[Image-text web data]
========
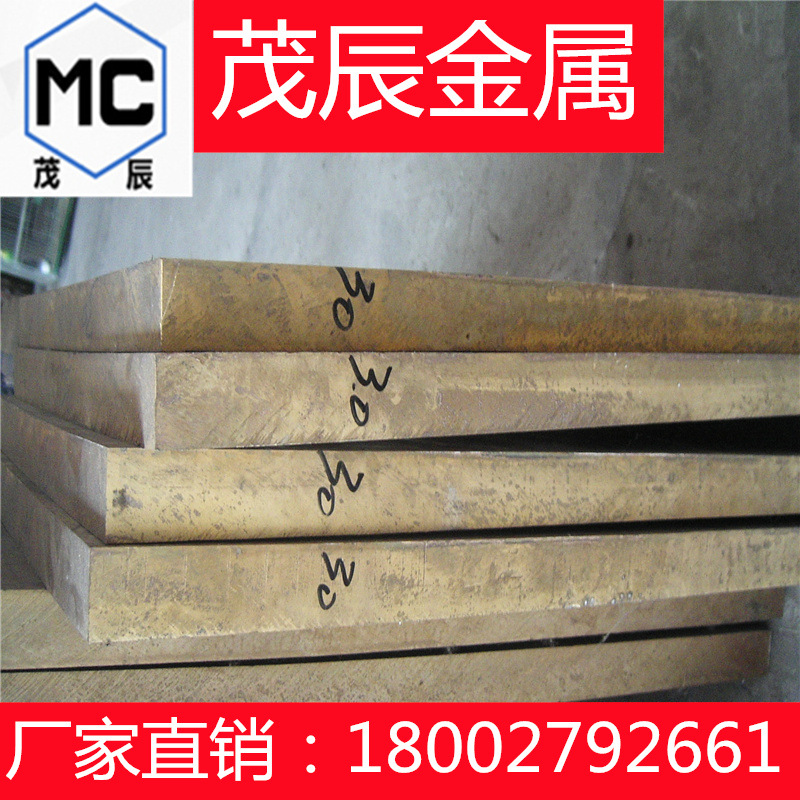 CUAL6 CUAL8铝青铜板CUAL6NI2 CUAL7FE2铜合金CUAL9NI3FE2铜材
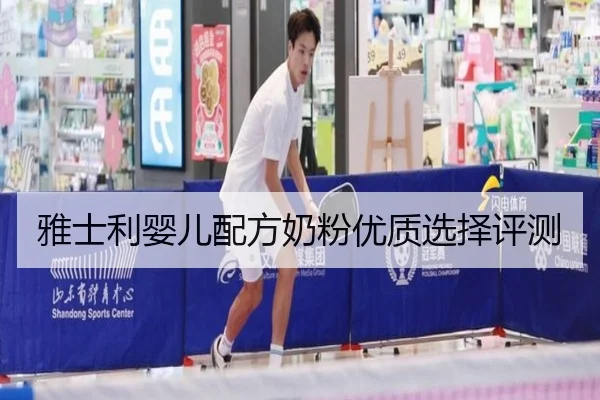 雅士利婴儿配方奶粉优质选择评测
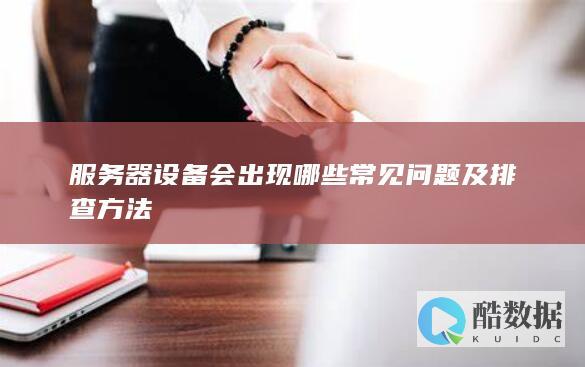 服务器设备会出现哪些常见问题及排查方法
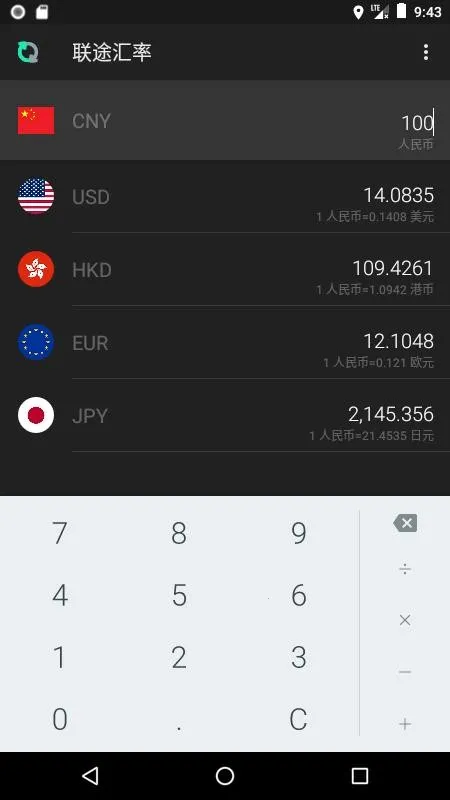 联途汇率(汇率换算软件)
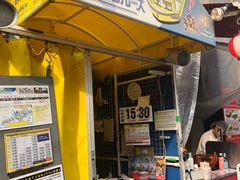 -道顿堀水上观光船(太左衛門橋船着場)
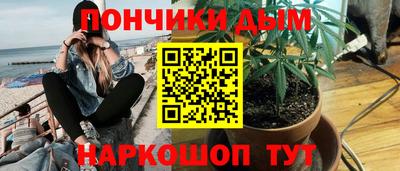 ALPHA PVP Рузаевка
========
How to complete this task.
Restate, word for word, each line from the line containing "服务器设备会出现哪些常见问题及排查方法" through the end of the entries above; the pictures are not part of the copy.

Answer.
 服务器设备会出现哪些常见问题及排查方法
 联途汇率(汇率换算软件)
 -道顿堀水上观光船(太左衛門橋船着場)
 ALPHA PVP Рузаевка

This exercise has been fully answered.